Tried the white vinegar trick. Nope. Tried the CLR trick. Nope. Decided to disassemble, even it was junk I might learn something.
Tools: two phillips (hex) head screwdrivers, one medium, one small (not tiny). They need to have fairly narrow shanks to fit into the deep holes on the body. Needle-nose pliers. Pair of scissors.
UNPLUG IT!!! And let it cool for at least an hour before you start and take the handle apart at the pump so it's less awkward. The boiler inside stays very hot for quite a long time, even when its unplugged.
1. Take out the multiple screws that hold the purple body together. Careful...these are cheap screws (surprised?) and the heads may strip or the plastic threads may strip. You may just ending up forcing some of the screws out. Do the screws slowly and do everything in your power to keep the screwdriver head square with the screws.

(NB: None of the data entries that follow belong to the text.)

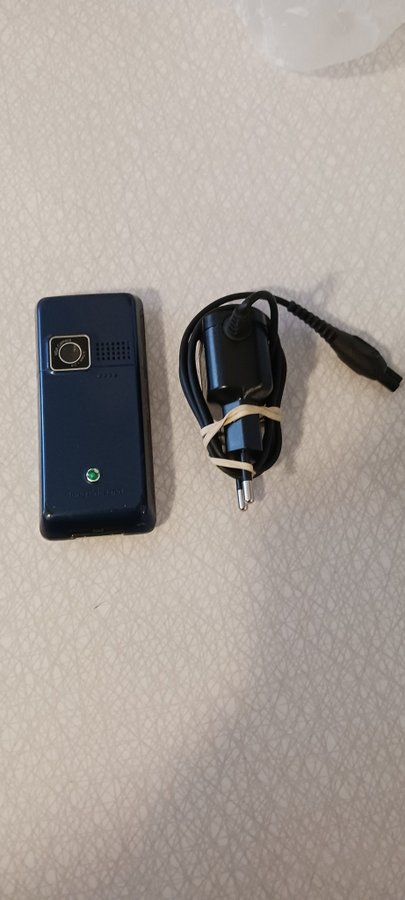 Sony Ericsson K220i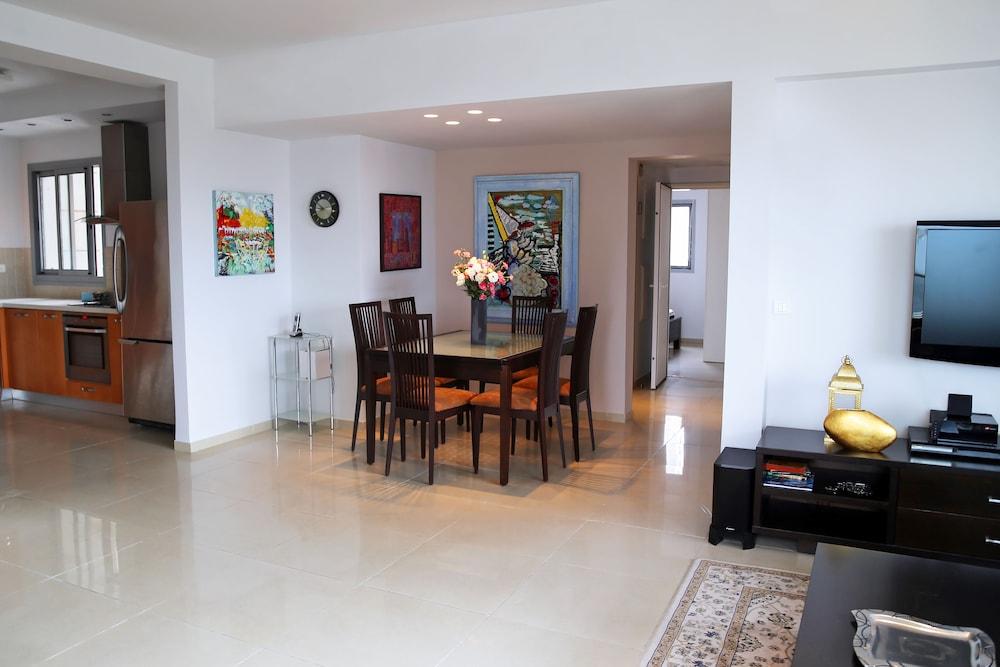 Luxury With Stunning View And Parking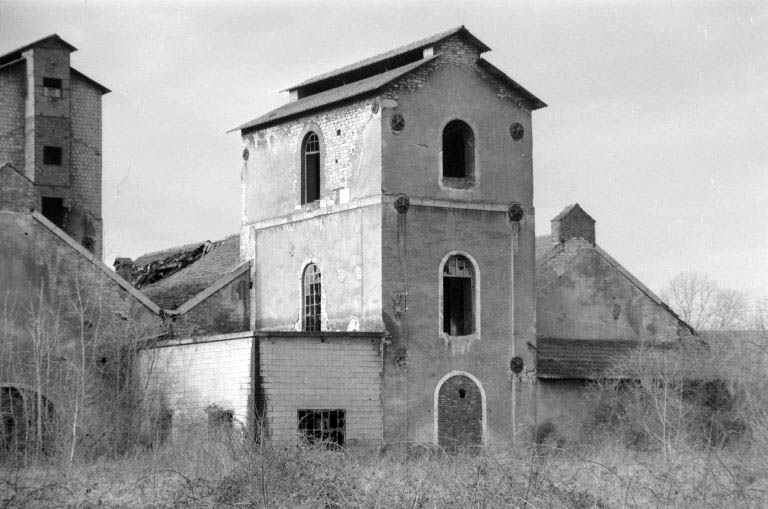 Monte-charge des hauts-fourneaux au bois (D), vu de l'est.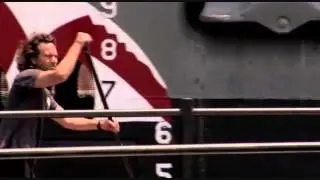 Eddie Vedder - The Cannyon  - Track 01  DVD Water on the Road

2. You can't take the two halves completely apart; the wiring is in the way. That's the biggest hassle of the whole project. That and the mop head that you can't take off. Inside you'll see a metal "boiler" about the size of a can of tomato paste. It has wiring (thin) and tubing (fat) running into it. If it's still hot, let it cool.
3. There are also four screws inside that hold the water reservoir in place. If you take those you can get easier access to the boiler, though the reservoir will still be attached to the body of the unit.

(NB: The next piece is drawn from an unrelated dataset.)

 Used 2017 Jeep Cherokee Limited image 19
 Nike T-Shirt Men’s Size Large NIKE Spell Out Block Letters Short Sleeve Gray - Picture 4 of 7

NOTE: The boiler is held in place by two brackets and four very small screws and little fiber insulation washers. DO NOT take the screws all the way out (like I did) as they are extreeeeeemly difficult to get back in place. Just loosen them about 3/4s of the way so you can move the brackets and lift out the boiler. The boiler will still be attached to its wiring. Don't disturb the wires; you just have to carefully work around them.
4. With a pair of needle-nose pliers, squeeze the little spring clamp that holds the tube that runs from the water reservoir into the boiler and slide it up the tube a bit and _carefully_ slide the tube off the nipple on the boiler. Mine cracked at the end when I did this so I needed to trim the end square again with scissors. A sharp box knife would work too, but use the scissors to trim the webbed insulation fabric if needed.

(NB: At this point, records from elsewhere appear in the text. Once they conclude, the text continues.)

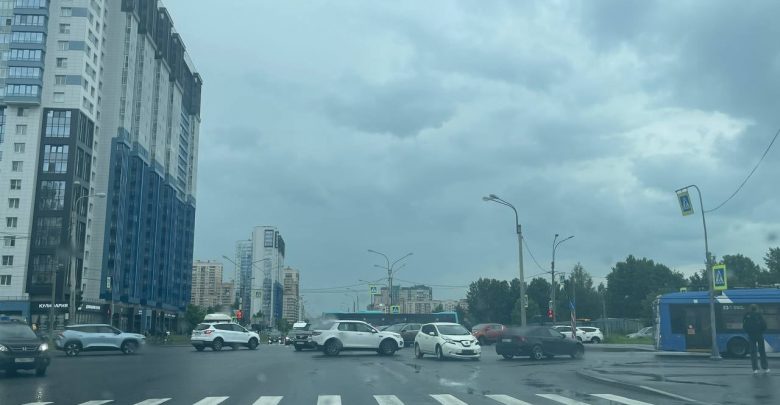 ДТП сейчас на Яхтенной/Оптиков. Один большой перекресток, но сразу два одинаковых ДТП и пробка….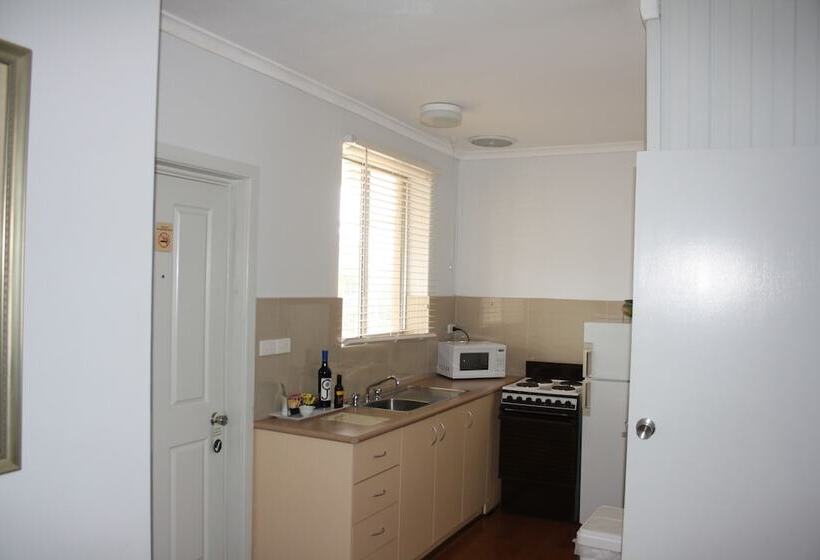 اتاق اجرایی, Lakeview Motel And Apartments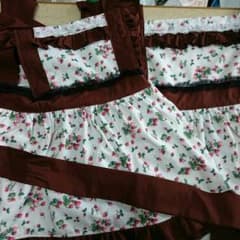 【りゅんりゅん様専用】親子お揃いエプロン【フリフリ】のサムネイル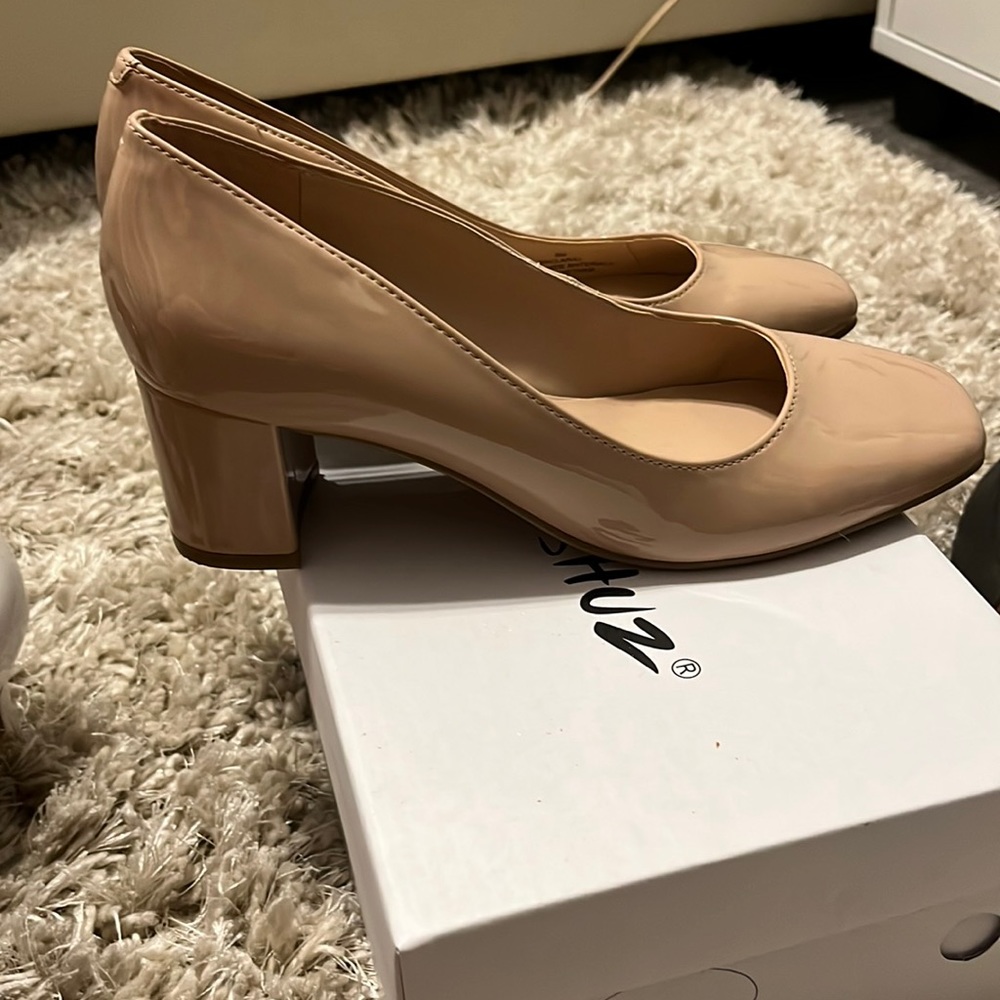 Brand new Bandolino shoes size 6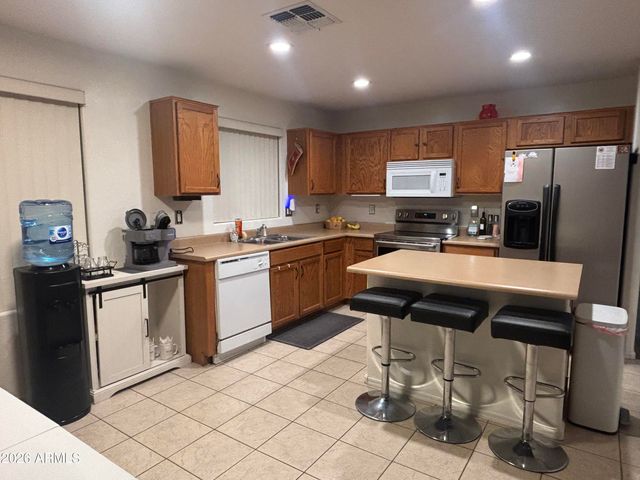 6530 S 44 Avenue S, Laveen, AZ 85339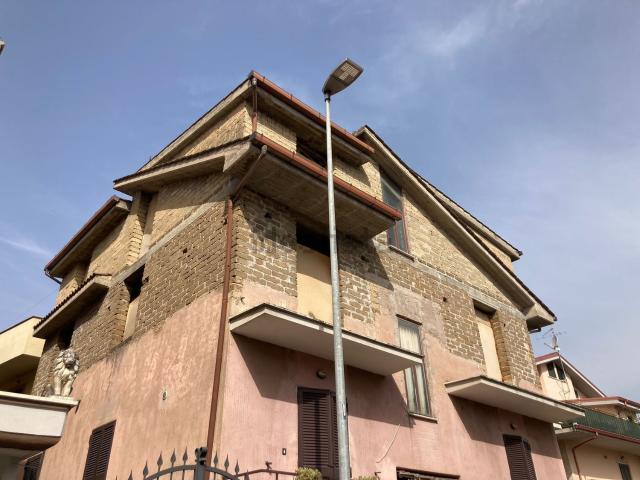 Appartamento in vendita a Guidonia Montecelio, Roma Capitale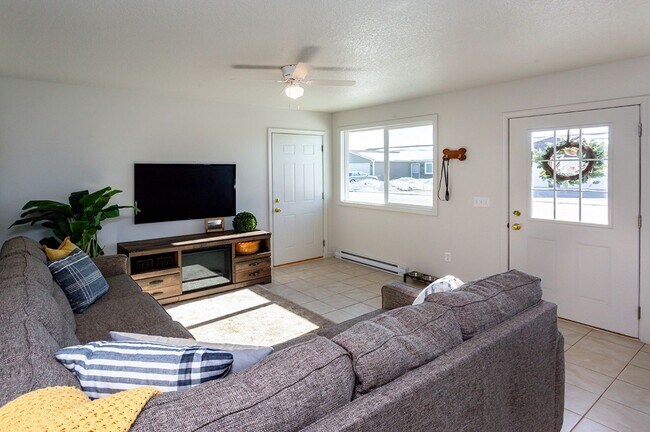 Building Photo - 3 Bedroom, Single-story Townhomes for rent...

4. On the other end of the boiler is a tube that goes to the mop head. Undo the clip there, too, and slide it back and again slide off the tube.
5. Look at the nipple for the tube that goes to the mop head. It is probably clogged with calcium deposits that the vinegar or CLR didn't touch. It will look solid. It is. That's probably your problem.
6. I took a power drill and a very small drill bit (1/16") and drilled out the calcium - it's very soft - to free up the hole. Then took the next size bit (3/32" or so) and widened the hole further, sort of like getting a root canal (ouch!). Don't drill too deeply into the boiler as you may hit something important. When it's open, left over water, vinegar or CLR will come out. You should now be able to blow through the boiler from the newly cleaned nipple, with air coming out the other hole (to the reservoir). The reservoir line must be disconnected to do this because there's a little one way valve in the reservoir line that keeps the from steam going back into the tank and not out the mop head (your drip coffee maker works the same way, as I also discovered when ours clogged...same problem: Calcium build up).
7. Return the two tubes to the boiler (don't forget to push the spring clips back in place) and reattach the boiler to the body. Aren't you glad you didn't take off the boiler brackets?
8. Before you do the final assembly, put in some DISTILLED water (rainwater works, too if its clean. It's naturally "distilled.") and plug it in. It probably won't steam until you pump it a couple of times but I bet it's working again. Be careful with the steam, though. If it works, do the final reassembly. If it doesn't, well you tried. But I bet dollars to doughnuts that it is working again.
Hope this solves your problem! Happy mopping.